Each triplet contains 11 independent functions: 3 quadrupoles, 3 sextupoles, 3 octupoles and 2 dipoles, in a rather compact volume for such a large aperture magnet (30 cm bore aperture). The very well defined magnetic field results of a precise positioning of the different coils in a saddle coil configuration. This is obtained by machining grooves in the fiberglass / epoxy matrix and placing the Nb-Ti thin conductors. High order harmonics in the fringe fields are minimized by the use of a particular disposition of the conductor. (P.Walstrom, NIM-A519 -2004).
The Low Temperature Superconducting part of the magnets operates at 4.2°K, the temperature of Liquid Helium, whereas the 16 High Temperature Superconductor (HTS) current leads are cooled using gaseous Nitrogen, another challenge of the design. Each SMT will dissipate less than 5W of Liquid Helium.

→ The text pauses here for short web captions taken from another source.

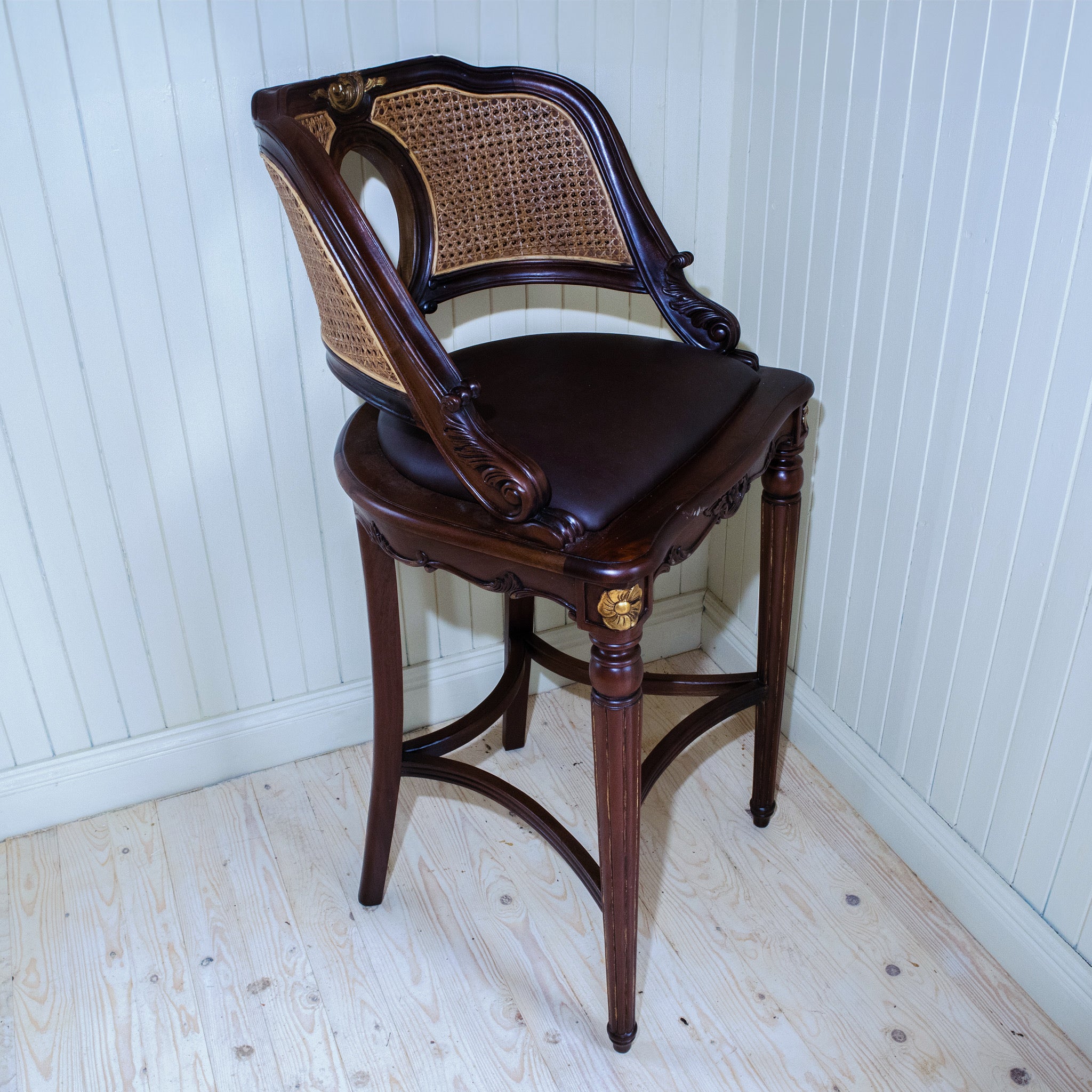 Vacker nyproducerad antik barstol i extravagant design.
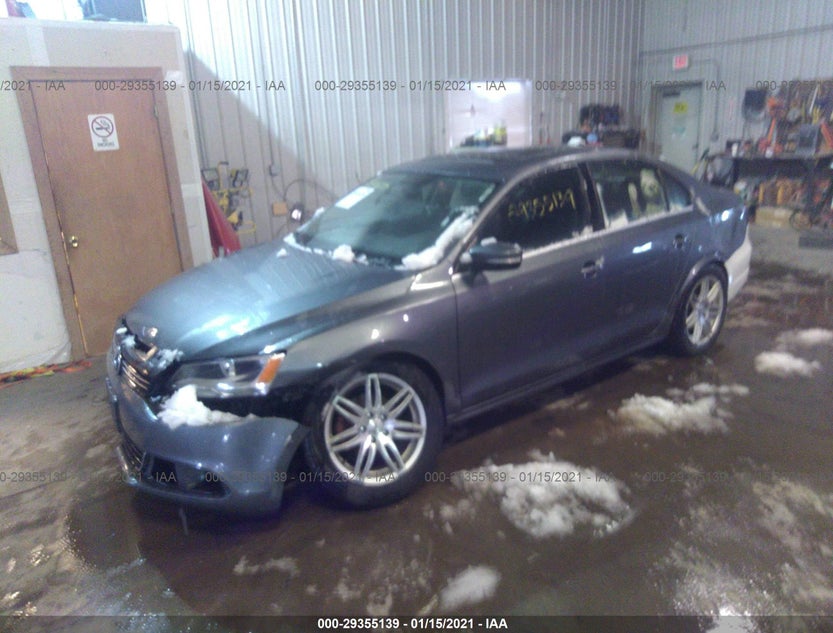 3VW3L7AJ2EM440646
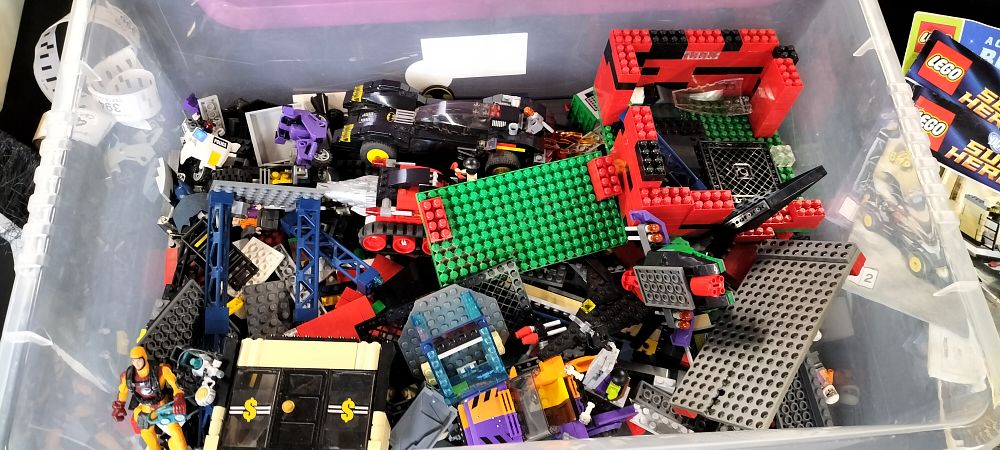 Lot 394: Large Quantity of Lego Pieces with some Catalogues and Building Instructions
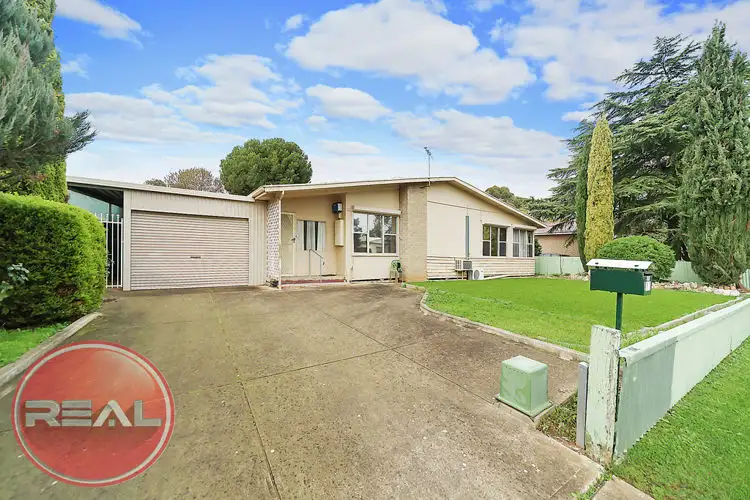 11 Manningford Road, Elizabeth South SA 5112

Each set of coils is powered by one of the 7 low-voltage and high current – up to 500 A- Power Supply System (PSS). The quench protection is ensured by monitoring of coils voltages (via the PSS) and, for the quadrupoles, a rapid propagation of any early quench by use of internal dump resistors.
A SMT include a cold box to control the different fluids through 3 main cryogenic valves (Stöhr). The valves are horizontal, due to height restriction in the S3 cave with the use of the crane.
The magnet design is a collaboration between GANIL, CEA/IRFU, Argonne National Laboratory, and the US companies that also are in charge of the fabrication: Cryomagnetics Inc. (OakRidge, TN) for the cryogenics and integration, and AML/SM (Palm Bay, FL) for the coils and power supply systems.
The newly received magnet is the first after the prototype tested at Argonne National Laboratory. It is now installed in the S3 room for the different phases of commissioning.